The future of Jeep Wrangler
Can the Jeep, specifically the Wrangler, hold on to its heritage and reputation in 2017-2018? When a new Jeep hits the dealerships, and people have to decide whether it's time to pluck down thousands of dollars to get the newest edition of America's greatest vehicle, which way will the wind blow? The Jeep heritage goes back to the 1940's. In each generation of Jeep since then, there's always been a kinship, and a direct blood line to those early Jeeps. Whether it's the slotted grille, the short wheelbase, or the boxy body. The reputation comes from a "go anywhere" attitude, built into every frame and axle. It's a vehicle built to do one thing, and to do it better than anyone else. Period. No excuses. But what about its future?

Jeep Wrangler: Hand Tool Mechanics Meets the Computer Age

Sometimes the way you look at a Jeep depends on how old you are, or your younger experiences. If you owned an older Jeep - or any American vehicle from the 70's back - you're talking about a vehicle that can be fixed with duct tape and a screwdriver. If the points went bad, you changed them out in 10 minutes, and you're ready to go. Now you have to have a mechanic hook your vehicle up to a computer at a $100.00 an hour labor rate, then you might have to spend $800.00 for an electronic module. That's just so you can get the vehicle to fire up again. Vehicles back then were made of steel. They had ladder frames like a truck. They were just ... simple. Were they more dependable? I wouldn't go that far. But they were way easier to repair, and only required much cheaper, and fewer, parts. So when someone says older vehicles, or older Jeeps, were more reliable, I'm more on the side that they just seem that way, because they were much easier to repair. And most repairs could be done in the driveway, with simple hand tools. No need to call NASA.

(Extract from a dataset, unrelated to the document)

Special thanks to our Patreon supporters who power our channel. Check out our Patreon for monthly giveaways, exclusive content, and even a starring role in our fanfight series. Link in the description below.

Jeep Wrangler, Same As It Ever Was

New Jeeps, even the JK, are still very similar to older models. Except for the engine and some other nonsense computer and electronic parts and systems, at it's core, the Jeep JK Wrangler is still a lot simpler and basic than most vehicles made today. Solid axles, coil springs, shock absorbers. The chassis is still very familiar to most folks, regardless of how old you are. If you swapped out an axle on your '65 CJ, it won't be much different than on a JK Rubicon.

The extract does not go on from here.